Whenever I am directed in a voiceover session (usually for a broadcast project), I’m always astounded at the level of detail that ad agencies go into to execute a radio spot. They have such a firm understanding of their client’s positioning in the market, their client’s personality, and who the target audience is.
Same with websites: the care and attention given to how a company’s wensite makes them look is exhaustive. Everything “frontward facing” is usually debated, designed, re-designed, and anguished-over painstakingly, often for months.
Why is a company’s IVR left out of that process?

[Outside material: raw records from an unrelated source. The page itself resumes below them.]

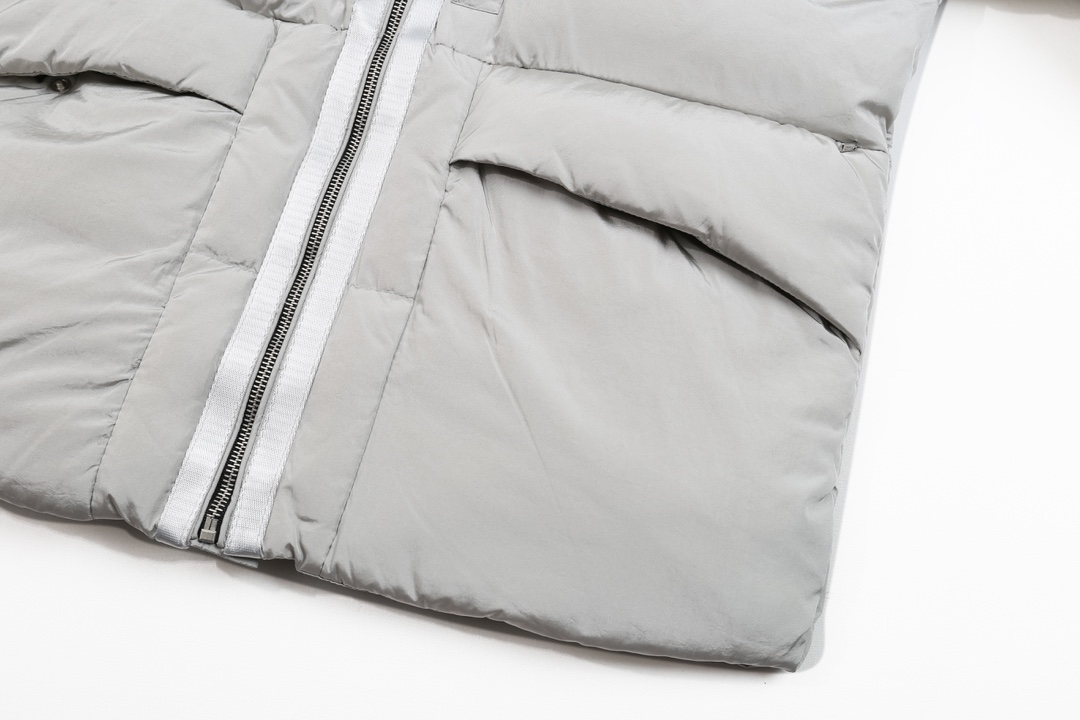 【MONCLER 公式旗艦店】モンクレール  ダウンジャケット好評に付き再入荷！ 241224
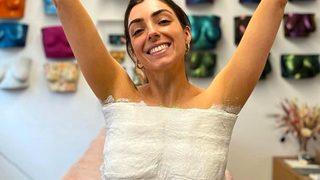 Beden pozitifliği savunucusu olan Nelly London, göğüslerinin değişimini kutlamak için bir heykel yaptırdı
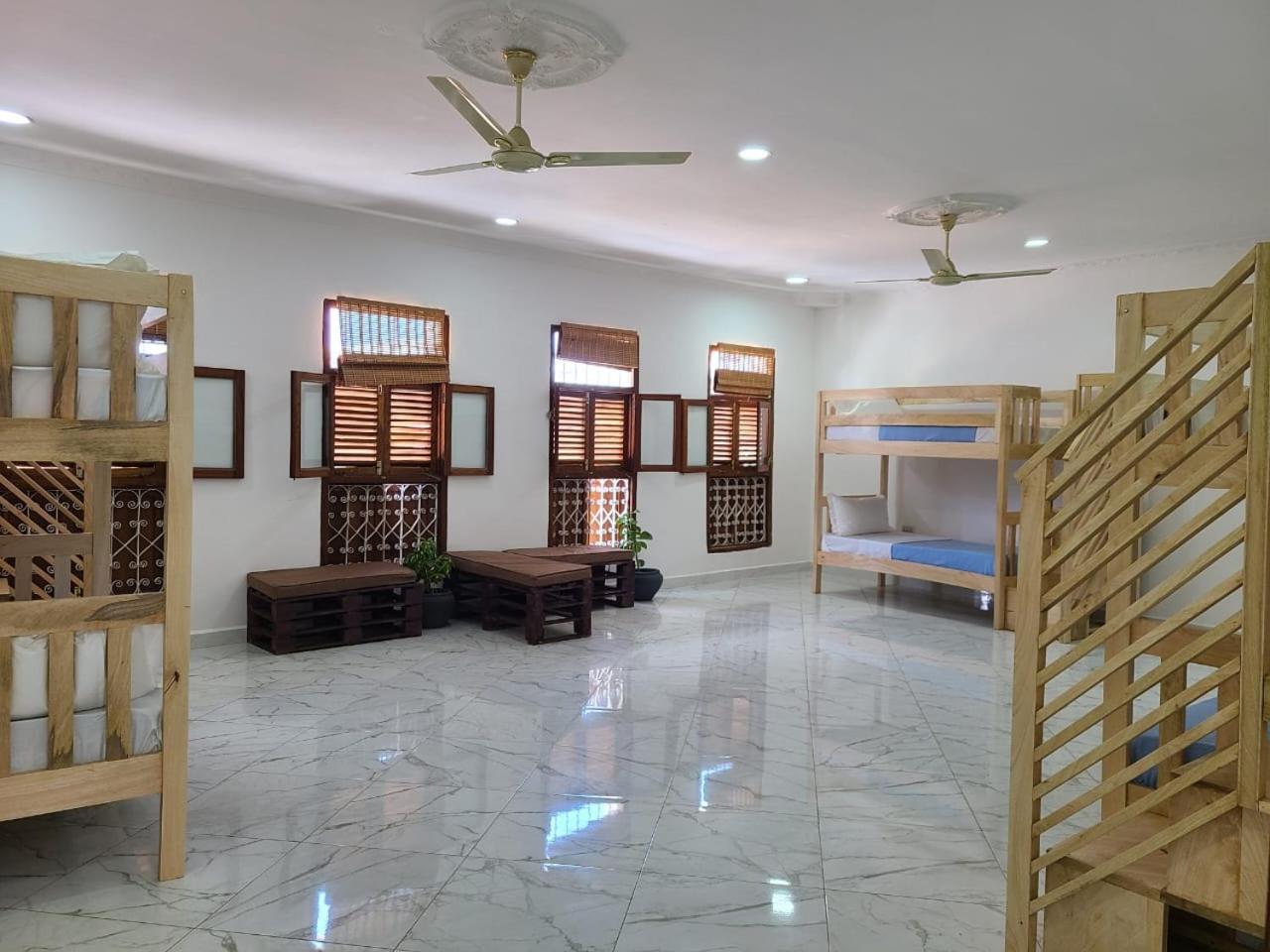 Cube Place Aparthotel Zanzibar Buitenkant foto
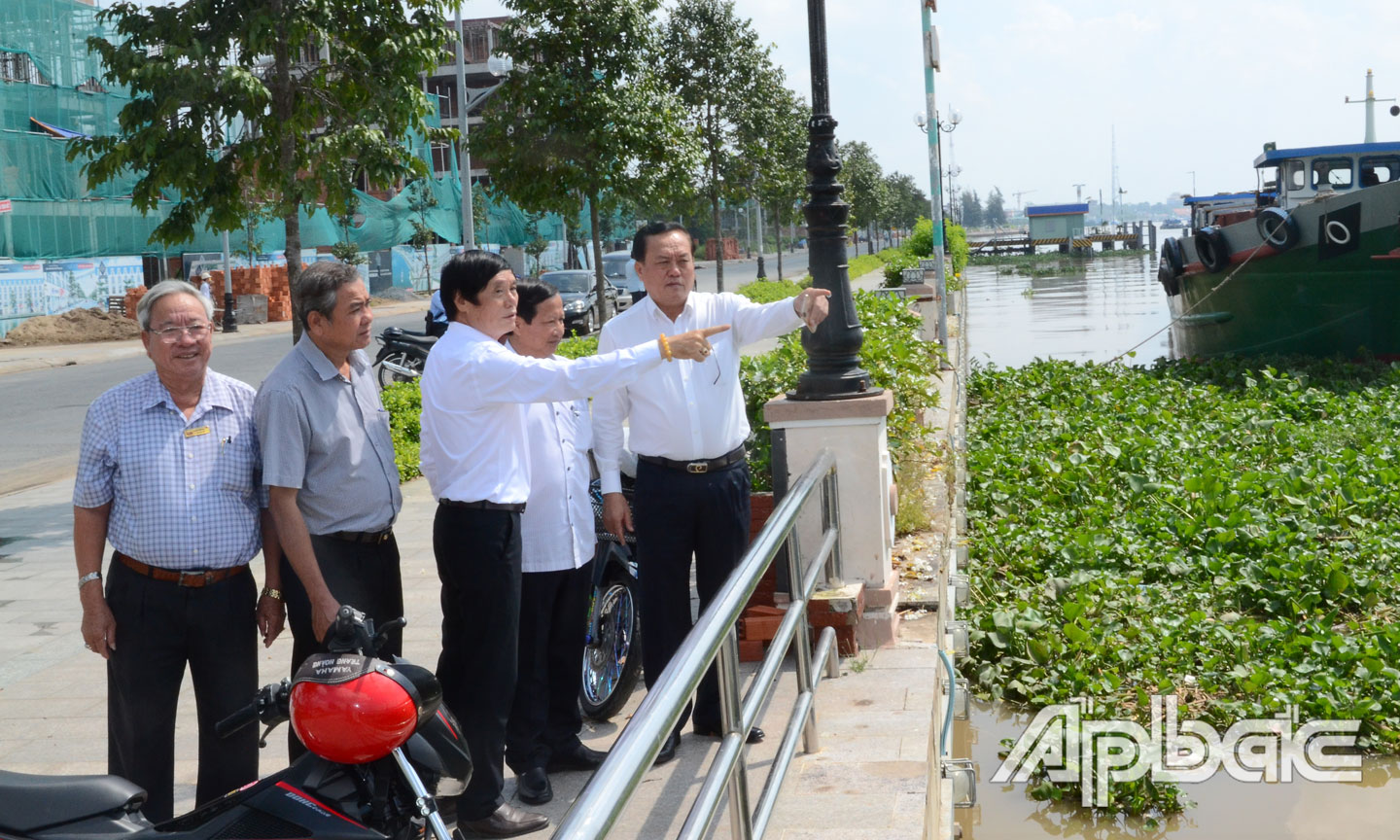 Lãnh đạo tỉnh thăm nơi neo đậu phương tiện của HTX Rạch Gầm.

It’s almost as though the IVR is viewed as just “an automated thing that answers the phone.” While that may have been true in the infancy of IVR, it has become a glaring oversight when so much care and attention is devoted to unifying a company’s image and sending a clear message to the customer about what the company represents and what it will be like to transact with them. In that regard, IVR has become the neglected step-child of your brand. Here are three significant things you can do to “clean up” your IVR and make sure it’s an extension of your message:
- Your scripting needs to be conversational, natural, and take some chances. If you want the caller to engage with your company, make sure your phone tree script is written to reflect your company’s personality — most often, companies do not want to come across as stuffy or wooden, so make sure your script isn’t bland, featureless copy. If you want it to sound natural — write it that way. And by all means: take chances. IVRs are for more than just directing callers to various departments — show some personality and imagination.
2. Choose the right voice talent — or direct your talent accordingly. Your choice of talent should align with your company’s persona — or (and this can’t be emphasised enough) — most voice talent with experience, and well…talent….are capable of a great many different styles of “read”. Make sure you articulate your company’s “mood” or “feel” to the talent clearly.
3. Listen to your auto attendant while looking at your website. This suggestion seems odd at first — but if there is a disconnect between the persona that you’ve established online and the one that plays to your callers, it will become glaringly evident during this exercize. If your website conveys a fun, irreverent, vibrant company, and your phone tree is plodding along with the standard “Press 1 for this….press 2 for that…” — you’ve got a serious conflict of image.
I urge clients regularly to *really think* about including the often-neglected aspect of their IVR in their corporate “imaging” — it’s an all-important piece in the way a company presents itself.